*WORK TO BE COMPLETED*.
Your answer should be the lines below from the one holding "Ipad Gen 7 10.2in" through the one holding "barre avec menottes", copied exactly and with nothing else.

*DATASET*.
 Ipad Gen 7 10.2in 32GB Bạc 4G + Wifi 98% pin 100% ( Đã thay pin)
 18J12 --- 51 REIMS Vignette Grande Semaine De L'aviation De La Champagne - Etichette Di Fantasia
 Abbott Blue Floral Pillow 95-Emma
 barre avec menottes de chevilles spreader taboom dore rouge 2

--

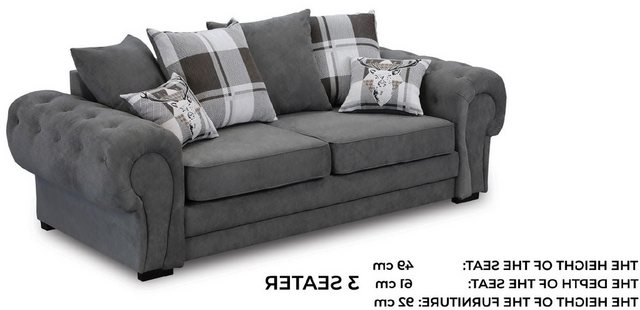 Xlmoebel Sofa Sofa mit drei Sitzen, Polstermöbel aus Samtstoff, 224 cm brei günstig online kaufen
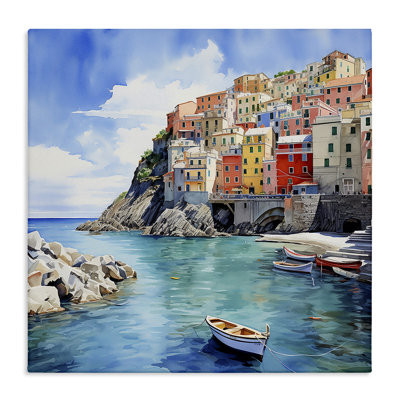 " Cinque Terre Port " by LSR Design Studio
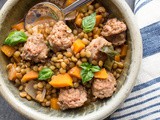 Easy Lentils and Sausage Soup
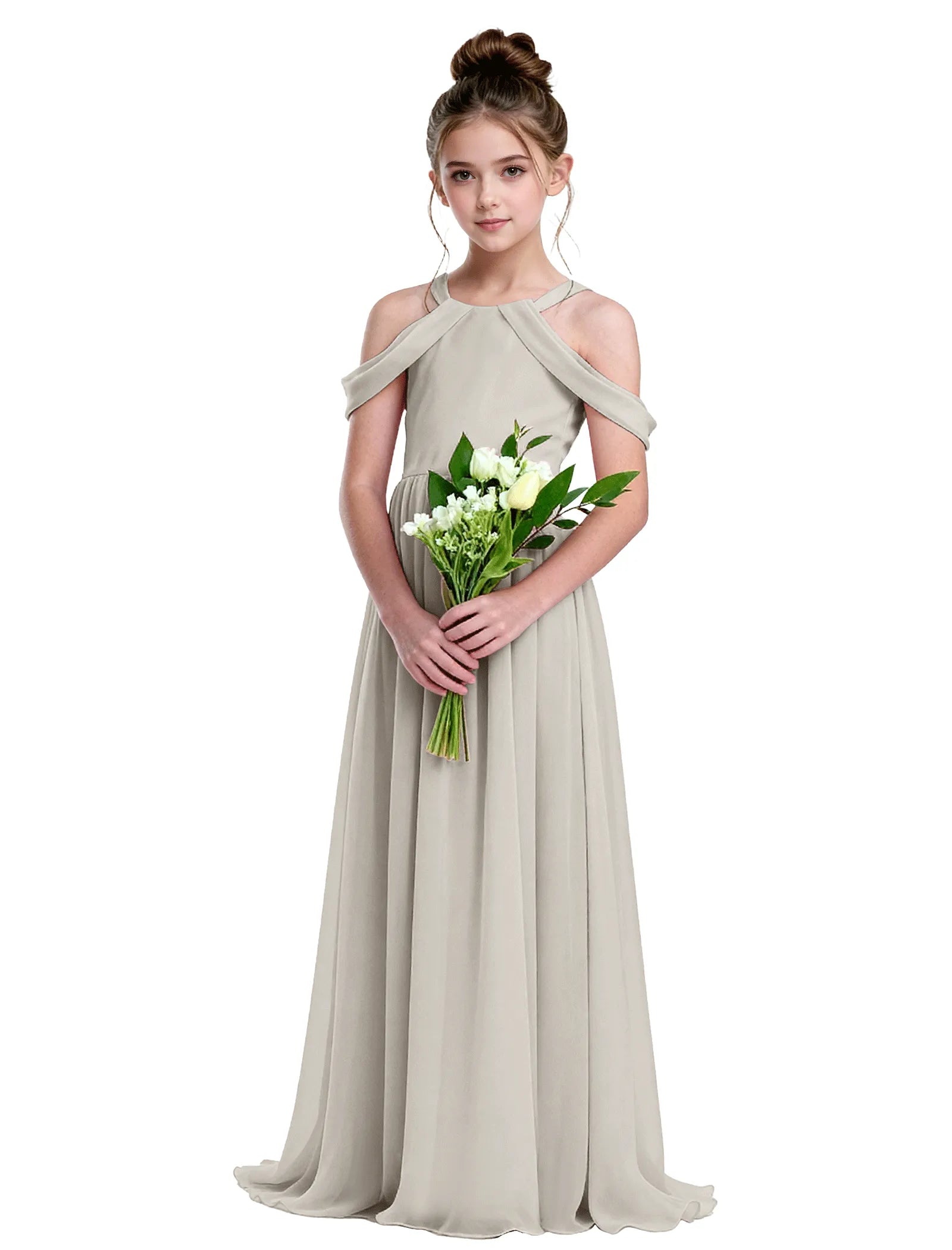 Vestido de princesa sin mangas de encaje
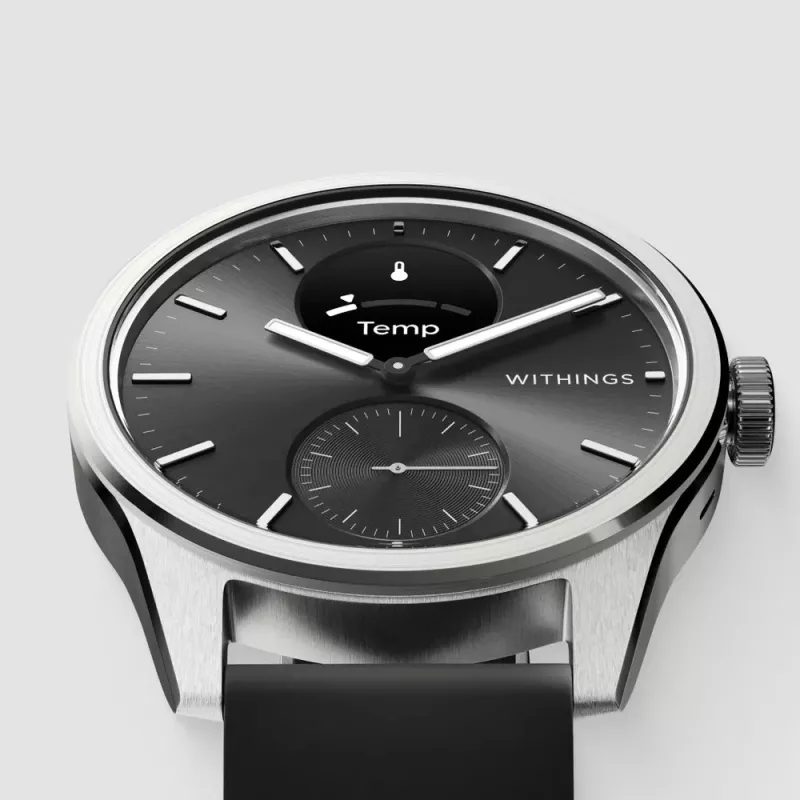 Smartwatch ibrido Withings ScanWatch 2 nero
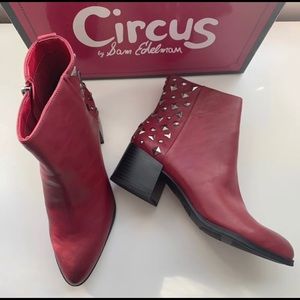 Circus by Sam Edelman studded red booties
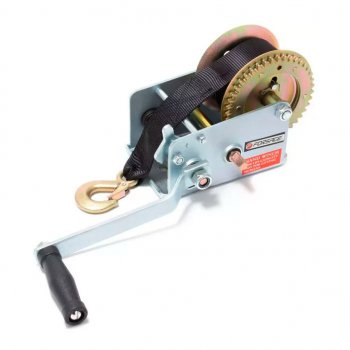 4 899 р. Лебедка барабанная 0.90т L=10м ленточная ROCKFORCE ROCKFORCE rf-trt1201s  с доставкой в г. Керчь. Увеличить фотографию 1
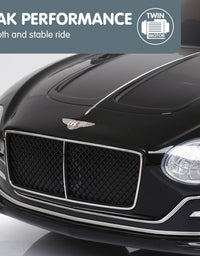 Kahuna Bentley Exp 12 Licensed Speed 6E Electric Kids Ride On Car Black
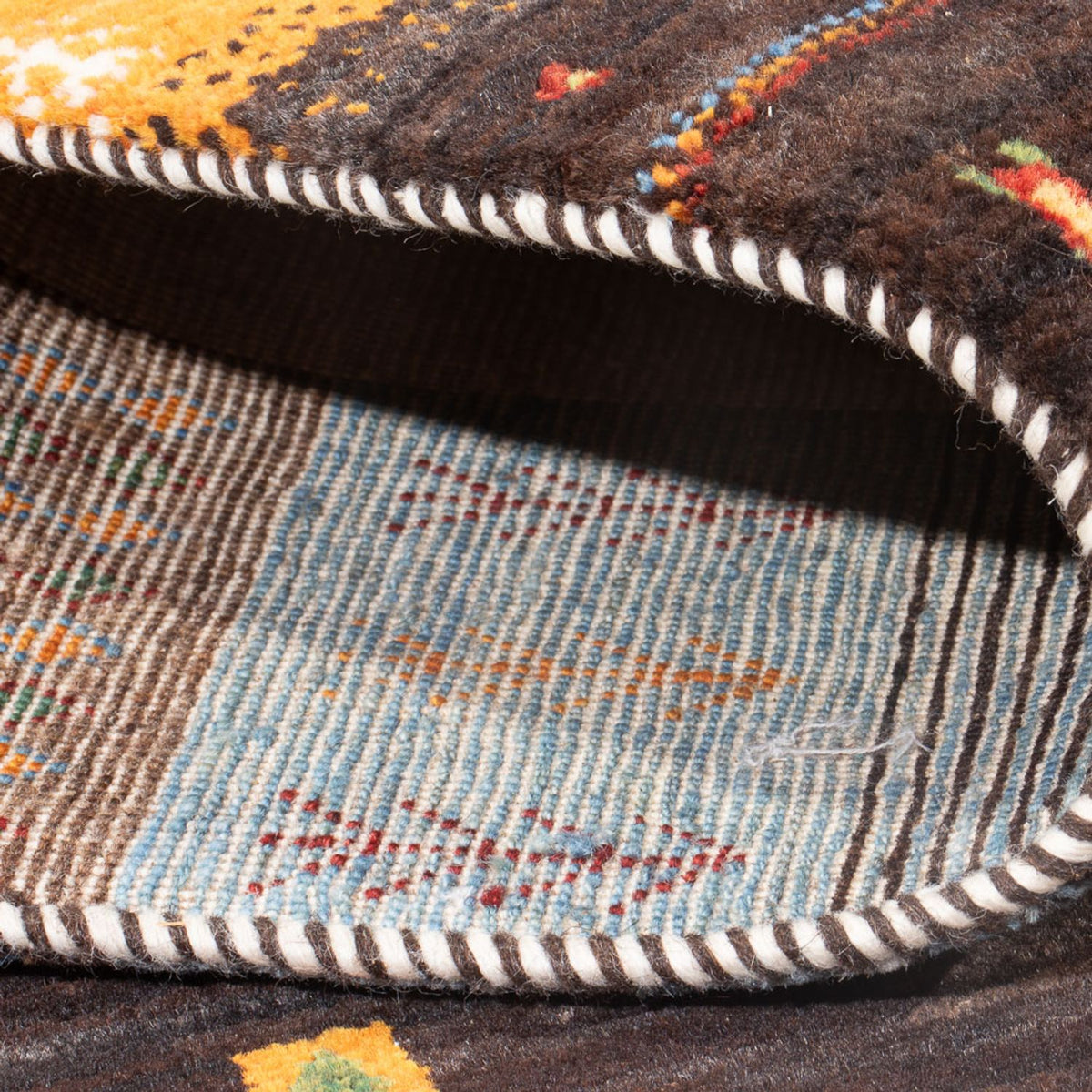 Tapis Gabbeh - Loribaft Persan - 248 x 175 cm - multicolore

*REPLY TO THE EXERCISE*.
 Ipad Gen 7 10.2in 32GB Bạc 4G + Wifi 98% pin 100% ( Đã thay pin)
 18J12 --- 51 REIMS Vignette Grande Semaine De L'aviation De La Champagne - Etichette Di Fantasia
 Abbott Blue Floral Pillow 95-Emma
 barre avec menottes de chevilles spreader taboom dore rouge 2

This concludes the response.